# Frog "Personalities"



## Leuc_Skywalker (Sep 5, 2009)

I got into this hobby about 18 months ago and I continue to go strong. One thing I never expected when I started was the individual "personalities" each one of my frogs seem to have. I'm curious if other members have similar stories to the ones I list below.

Male Leuc-I have my frog rack in my living room so I can enjoy both my entertainment system and my rack in the evenings. This guy has decided that he runs the house. Their sun "sets" at 9PM via timer. If I'm up past 11:30 PM he will call loudly continuously until I have turned off all electronics and lights and headed to bed. If I awake in the night and disturb the king he tells me off until his room is once again dark so he can rest again. This same frog has decided that the whole house needs to awake with the natural sunrise and starts calling at the first glimpse of sun....hours before his light comes on.

Female Bakhuis- routine misting is always a chore. This girl will sit hiding in a seed pod and "attack" as soon as she sees the "rainstick" enter. She charges the thing. She has actually jumped out of the tank after it twice. I've learned to watch for this activity and usually am able to slam the door closed before she reaches it and she will sit there jumping at the glass for the next few minutes. She's not trying to escape. I can open the glass and just look or feed all day long. It's specific to that "rainstick attack". 

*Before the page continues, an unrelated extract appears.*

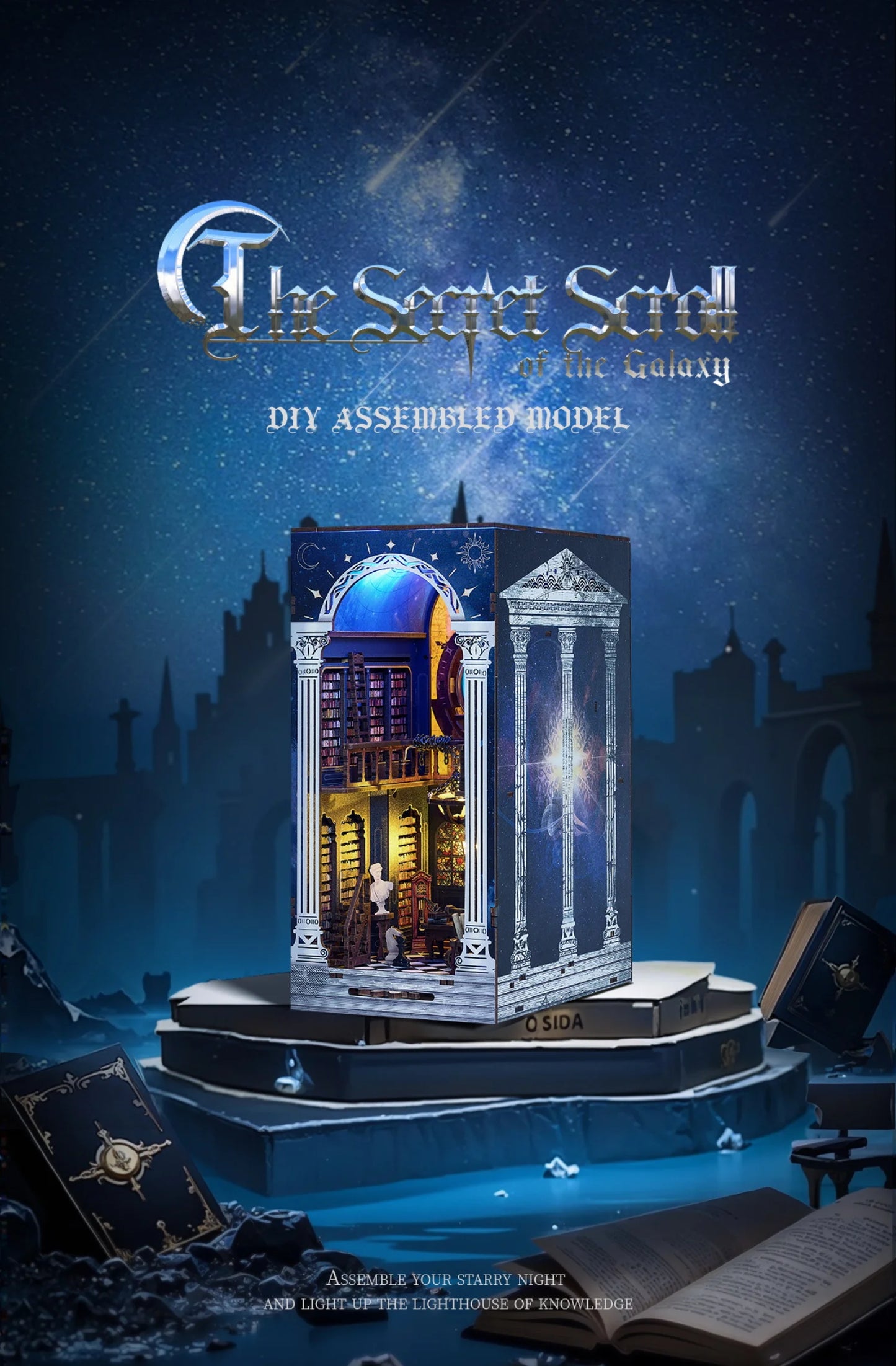 DIY Wooden Book Nook The Secret Scroll Of The Galaxy Figurines Miniatures Bookend Handmade Bookshelf Gifts Home Decor Crafts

I just wanted to see if I'm the only one with frogs with strong personalities. I doubt I am so I hope to read some fun responses. Take care.


----------



## Pumilo (Sep 4, 2010)

That's hilarious! You need to post a video of the "rain attack"!!
Doug


----------



## frogface (Feb 20, 2010)

Hah yea, they all have their own personalities. Wonderful little creatures. I'll try to think of some stories. Thought I had some in mind but I don't, lol.


----------



## Philsuma (Jul 18, 2006)

The bigger the frog, the more "interactive" it seems.

Tincs, Leucs, Auratus...all can do many different odd things.

Pumilio....some....but not many, of mine.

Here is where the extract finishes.